Thursday, December 28, 2006

The Death Penalty


Capital punishment. An issue I wouldn’t normally touch with a barge pole. But all on a sudden, it is constantly in the news. At home it’s Afsal and Santosh Kumar Singh. In the international scene, it is Saddam. Then there is that bungled up case of capital punishment by lethal injection in the US.

Death penalty, I guess, has been there ever since man evolved the concept of civilized coexistence! Guess it’ll be there till the crack of doom – in some country or other. Its raison d’etre is, allegedly, its utility as exemplary punishment, therefore as a deterrent. To what extent that objective is achieved, I do not know. But I guess I am not wrong in stating that there are many who keep themselves on the right side of the law for fear of having their heads chopped off.

Through history, capital punishment has caught the imagination of man. It has created Gods, saints, martyrs and heroes, religions, cults and revolutions.
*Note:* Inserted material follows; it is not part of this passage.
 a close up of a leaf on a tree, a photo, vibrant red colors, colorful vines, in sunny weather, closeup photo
Pages of history and literature abound with anecdotes of how convicted men and women kept their rendezvous with death. One such anecdote that has never ceased to fascinate me is that one about Sir Thomas Moore who kept his beard away from the block, away from the executioner’s axe saying that the beard grew after his conviction, and therefore was innocent of any crime! Conquering the bitterness of death in such a manner defeats death but Thomas Moores are the rarest of phenomena. A story which has given me sleepless nights is that one about Bhutto’s resistance when officials came to the cell to take him for his execution.

My concern here is not whether capital punishment should be done away with or not. It’s too complex an issue for me to debate about. But there are certain issues related to it that have bothered me.
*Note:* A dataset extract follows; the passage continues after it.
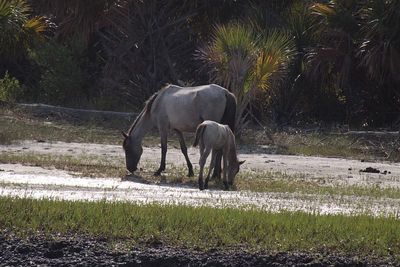 Fernandina Beach, 2 Hour Amelia Island Birding/Photography Boat Tour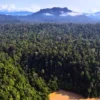 Ilustrasi Hutan Kemasyarakatan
One such issue is the modus operandi of the procedure of state execution. I think the best way to administer the capital punishment is to shoot the person behind his back, without his knowledge, thereby sparing him the torture of the elaborate preparations like medical check up, soul protecting rituals and all that dead man walking type of elaborate practice. That cold blooded, efficient, business like observance of every laid down rule, the meticulous adherence to routine execution procedures where every official does his part to perfection in order to keep himself above blame, while the poor condemned man waits for the dreaded hour – I think that’s callous, cruel, heartless. If all these are signs of civilization, I would rather we remain uncivilized enough to place more value on sparing the victim the unbearable, brutal trauma than on the propriety of the details of the execution of the death sentence.
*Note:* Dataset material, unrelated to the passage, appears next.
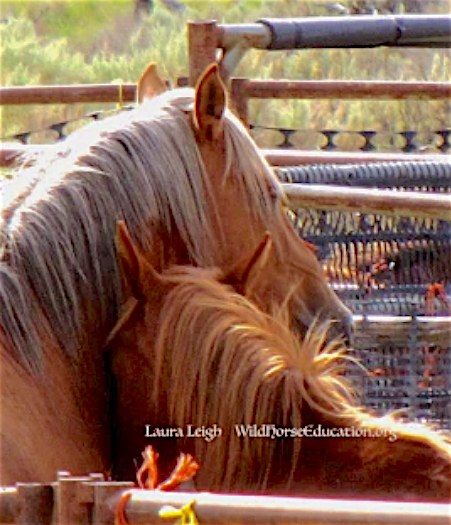 Bible Springs roundup update: 52... - Wild Horse Education | Facebook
But what beats me even more is the revolting provision in the US system which permits the victim’s relatives to witness the execution of the death penalty! Absolutely barbaric, I would think. But we read about the cathartic effect this experience has on the victim’s close relatives! Does the sight of a human being vibrating in the electric chair, or that of a terrified man having his faced hooded before the lever is pulled to transport him to the nether world, or of terror stricken eyes of a person awaiting the lethal injection afford a sense of beatific satisfaction that justice is done? Or is it a sense of obligation to the deceased victim of the crime that makes them willing witnesses of these gruesome sights, as though they are participants in a ritual of divine retribution?

Does the term “JUSTICE’, then, mean facilitating gratification of that thirst for revenge? Would the memory of the security men killed by terrorists be better honoured if Afsal is hanged? Is baying for Saddam’s blood an indication of a high level of civilization achieved by human community? Does the belief that justice is done because Santosh Kumar Singh is sentenced to death reflect a proper understanding of the concept of justice? Don’t all these equate justice with vengeance? Does Justice mean an eye for an eye and a tooth for a tooth? I thought civilization had advanced far beyond that primitive concept of justice.

Isn’t it written ‘Vengeance is mine, I (God) will repay?’ In no uncertain terms, don’t these words state that no man made system has the right to appropriate the right to take away life in order to wreak vengeance?

It is all about officialising and legitimizing vengeance; let us not glorify it by resorting to the euphemism ‘Justice’.